E invece, non sono soltanto Paesi che potrebbero essere definiti marginali quali Cuba e Corea del Nord - ha aggiunto Krugman - a dirci di una diversa direzione.
«Persiste soprattutto un capitalismo autoritario che trova in Cina e Russia i suoi esempi più clamorosi e dalle dimensioni che tutti conosciamo. Certo, in America Latina cogliamo segnali incoraggianti di democrazia, ma nel complesso la nostra certezza, rispetto agli anni immediatamente seguenti al 1989, è assai meno solida.»

Krugman ha poi messo in fila una serie di dubbi, apparsi a tratti come dati di fatto, sui quali meditare.
«Ci può bastare il fatto che tutti i Paesi ricchi siano oggi liberi? No, perché la Cina sta crescendo, non ha democrazia e paradossalmente, pur avendo creato la sua vertiginosa crescita tutta dopo il 1989, mantiene e continuerà a mantenere grandi livelli di povertà. La sua forza è data dalla popolazione, ma quando - nel 2022 - la Cina sarà la prima economia del mondo, avrà raggiunto il livello attuale della Russia. Andiamo verso un mondo dove alcune grandi potenze potranno non essere democratiche. Dunque, non è sempre vero che ricchezza vuole dire democrazia e la Cina lo sta a dimostrare. Ma c'è dell'altro. E' vero che le democrazie hanno maggior successo economico? Non è detto. Purtroppo non è sempre così. In Brasile, paese oggi fortunatamente democratico, il successo economico è stato tale con il regime militare. Certo, è vero che i peggiori disastri economici vengono da Paesi con regimi e dittature. Ma i dati non dicono che democrazia e mercato vadano di pari passo.»
Insomma, spunti e dubbi nell'analisi di Krugman che ha anche ricordato il caso del Messico: approdato ad una vera democrazia quando il ruolo magnetico degli USA, in chiave economica, è apparso evidente e riconosciuto dagli stessi trattati NAFTA.

Infine, Krugman ha guardato a casa sua, agli Stati Uniti. E qui l'anima liberal, la passione civile, sono apparse nitide.

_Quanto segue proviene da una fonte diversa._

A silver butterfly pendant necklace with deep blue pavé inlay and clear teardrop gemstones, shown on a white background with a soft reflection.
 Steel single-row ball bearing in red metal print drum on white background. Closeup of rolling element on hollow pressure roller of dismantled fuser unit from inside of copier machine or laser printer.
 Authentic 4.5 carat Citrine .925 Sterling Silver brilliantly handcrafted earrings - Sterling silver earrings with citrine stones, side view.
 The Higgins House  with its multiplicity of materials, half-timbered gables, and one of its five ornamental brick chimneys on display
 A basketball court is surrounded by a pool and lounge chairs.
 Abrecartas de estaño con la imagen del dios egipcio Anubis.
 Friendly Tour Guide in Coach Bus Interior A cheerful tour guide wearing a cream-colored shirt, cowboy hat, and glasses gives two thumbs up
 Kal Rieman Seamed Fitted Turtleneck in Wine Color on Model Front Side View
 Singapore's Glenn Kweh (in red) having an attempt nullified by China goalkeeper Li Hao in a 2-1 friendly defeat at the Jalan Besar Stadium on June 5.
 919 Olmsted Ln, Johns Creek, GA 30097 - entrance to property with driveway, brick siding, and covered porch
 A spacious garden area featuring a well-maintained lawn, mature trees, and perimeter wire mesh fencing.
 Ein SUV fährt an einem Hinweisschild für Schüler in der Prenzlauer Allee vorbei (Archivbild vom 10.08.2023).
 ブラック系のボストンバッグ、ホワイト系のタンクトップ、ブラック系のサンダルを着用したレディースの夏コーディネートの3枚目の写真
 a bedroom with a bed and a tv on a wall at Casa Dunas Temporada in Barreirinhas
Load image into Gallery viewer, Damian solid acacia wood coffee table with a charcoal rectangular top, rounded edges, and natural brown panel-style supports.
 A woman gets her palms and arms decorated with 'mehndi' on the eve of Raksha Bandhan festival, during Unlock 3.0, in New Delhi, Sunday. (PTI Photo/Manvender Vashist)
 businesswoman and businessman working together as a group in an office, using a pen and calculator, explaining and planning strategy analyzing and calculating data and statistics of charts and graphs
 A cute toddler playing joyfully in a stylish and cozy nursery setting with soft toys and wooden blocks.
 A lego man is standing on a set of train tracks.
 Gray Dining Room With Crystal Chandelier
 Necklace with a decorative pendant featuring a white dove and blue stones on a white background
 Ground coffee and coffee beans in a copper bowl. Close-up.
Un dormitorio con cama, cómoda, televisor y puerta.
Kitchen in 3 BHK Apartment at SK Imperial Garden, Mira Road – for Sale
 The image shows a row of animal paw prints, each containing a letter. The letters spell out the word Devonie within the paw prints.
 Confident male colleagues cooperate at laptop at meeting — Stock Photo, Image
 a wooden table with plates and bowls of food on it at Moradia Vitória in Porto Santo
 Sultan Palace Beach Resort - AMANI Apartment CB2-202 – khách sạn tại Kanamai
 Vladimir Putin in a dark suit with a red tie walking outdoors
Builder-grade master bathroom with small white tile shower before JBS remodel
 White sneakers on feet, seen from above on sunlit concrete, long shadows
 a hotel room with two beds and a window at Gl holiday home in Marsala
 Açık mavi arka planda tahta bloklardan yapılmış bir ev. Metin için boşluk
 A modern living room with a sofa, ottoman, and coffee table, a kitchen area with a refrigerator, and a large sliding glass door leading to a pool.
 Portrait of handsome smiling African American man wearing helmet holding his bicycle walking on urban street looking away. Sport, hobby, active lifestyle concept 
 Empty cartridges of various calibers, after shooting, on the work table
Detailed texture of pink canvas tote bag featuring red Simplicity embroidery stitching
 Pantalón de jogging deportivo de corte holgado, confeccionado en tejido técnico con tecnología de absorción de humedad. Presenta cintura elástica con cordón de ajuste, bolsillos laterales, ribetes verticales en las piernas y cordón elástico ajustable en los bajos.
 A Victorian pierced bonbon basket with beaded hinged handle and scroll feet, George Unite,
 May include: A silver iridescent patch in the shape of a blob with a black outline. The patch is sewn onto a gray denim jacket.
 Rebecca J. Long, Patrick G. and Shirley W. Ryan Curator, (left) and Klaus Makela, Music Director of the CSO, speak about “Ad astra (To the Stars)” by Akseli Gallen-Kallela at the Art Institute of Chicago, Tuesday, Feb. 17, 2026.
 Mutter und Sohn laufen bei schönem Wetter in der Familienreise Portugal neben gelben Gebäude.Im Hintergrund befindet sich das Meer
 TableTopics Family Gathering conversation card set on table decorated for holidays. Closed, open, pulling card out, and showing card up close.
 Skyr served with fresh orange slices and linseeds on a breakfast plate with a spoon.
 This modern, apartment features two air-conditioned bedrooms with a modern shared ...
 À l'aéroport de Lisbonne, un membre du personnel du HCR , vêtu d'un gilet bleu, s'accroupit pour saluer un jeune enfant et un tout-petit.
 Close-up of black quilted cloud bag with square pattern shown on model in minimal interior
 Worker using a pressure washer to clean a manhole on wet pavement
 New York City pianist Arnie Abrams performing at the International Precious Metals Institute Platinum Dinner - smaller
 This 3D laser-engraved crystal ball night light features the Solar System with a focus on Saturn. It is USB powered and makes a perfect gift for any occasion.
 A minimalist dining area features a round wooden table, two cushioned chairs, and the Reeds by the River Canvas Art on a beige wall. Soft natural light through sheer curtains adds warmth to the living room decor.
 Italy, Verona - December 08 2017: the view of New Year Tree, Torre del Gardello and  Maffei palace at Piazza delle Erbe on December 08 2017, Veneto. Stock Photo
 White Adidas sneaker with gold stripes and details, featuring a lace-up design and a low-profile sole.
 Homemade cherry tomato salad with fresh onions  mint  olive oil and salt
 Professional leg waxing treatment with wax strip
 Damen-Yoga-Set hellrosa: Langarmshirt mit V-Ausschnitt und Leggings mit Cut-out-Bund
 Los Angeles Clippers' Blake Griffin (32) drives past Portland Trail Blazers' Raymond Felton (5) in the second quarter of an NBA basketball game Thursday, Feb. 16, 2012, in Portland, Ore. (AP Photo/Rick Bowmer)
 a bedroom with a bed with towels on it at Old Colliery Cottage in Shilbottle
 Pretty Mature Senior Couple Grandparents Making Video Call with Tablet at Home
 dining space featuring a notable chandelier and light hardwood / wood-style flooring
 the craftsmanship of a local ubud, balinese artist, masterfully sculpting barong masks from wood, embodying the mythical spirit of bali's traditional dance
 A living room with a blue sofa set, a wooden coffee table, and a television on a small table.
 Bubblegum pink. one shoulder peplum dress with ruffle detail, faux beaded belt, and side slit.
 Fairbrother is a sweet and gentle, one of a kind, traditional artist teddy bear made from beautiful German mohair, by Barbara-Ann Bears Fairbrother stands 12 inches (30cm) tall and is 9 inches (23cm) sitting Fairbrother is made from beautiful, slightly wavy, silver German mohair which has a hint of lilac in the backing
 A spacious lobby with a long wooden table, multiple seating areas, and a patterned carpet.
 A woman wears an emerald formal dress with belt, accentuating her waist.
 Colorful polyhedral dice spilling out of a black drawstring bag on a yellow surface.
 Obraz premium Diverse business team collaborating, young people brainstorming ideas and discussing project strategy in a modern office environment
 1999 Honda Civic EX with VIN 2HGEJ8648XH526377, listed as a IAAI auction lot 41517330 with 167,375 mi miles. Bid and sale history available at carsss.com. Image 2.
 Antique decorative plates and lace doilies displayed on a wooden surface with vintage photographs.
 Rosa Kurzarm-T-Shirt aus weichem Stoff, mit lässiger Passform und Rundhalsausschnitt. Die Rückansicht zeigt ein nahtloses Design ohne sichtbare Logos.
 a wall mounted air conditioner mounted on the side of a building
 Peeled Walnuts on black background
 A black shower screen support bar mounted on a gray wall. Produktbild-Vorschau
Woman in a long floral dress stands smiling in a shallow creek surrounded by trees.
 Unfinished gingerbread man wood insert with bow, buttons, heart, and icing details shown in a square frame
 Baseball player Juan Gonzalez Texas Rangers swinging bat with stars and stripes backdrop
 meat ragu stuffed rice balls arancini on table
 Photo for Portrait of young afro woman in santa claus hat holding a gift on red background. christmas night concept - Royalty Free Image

«C'è infatti un'altra domanda che dobbiamo farci - ha detto - ed è questa: quanto è sicura la natura democratica dei Paesi avanzati e ricchi? Tra il 2002 e il 2003 il mio Paese ha rischiato il tracollo della democrazia. Non finirò mai di dire cosa abbia rappresentato, in negativo, la figura di Bush e di un movimento politico ben preciso connotato solo da volontà di potere. Pressioni e lobby non si contano. Ci sono stati e ancora ci sono tanti segnali a dirci di una democrazia fragile. A partire dal fatto che le grandi compagnie telefoniche continuino a chiedere amnistie future per comportamenti generati da precise richieste della Casa Bianca. Io stesso sarei ben stupito del fatto di non essere stato intercettato e spiato in questi anni.»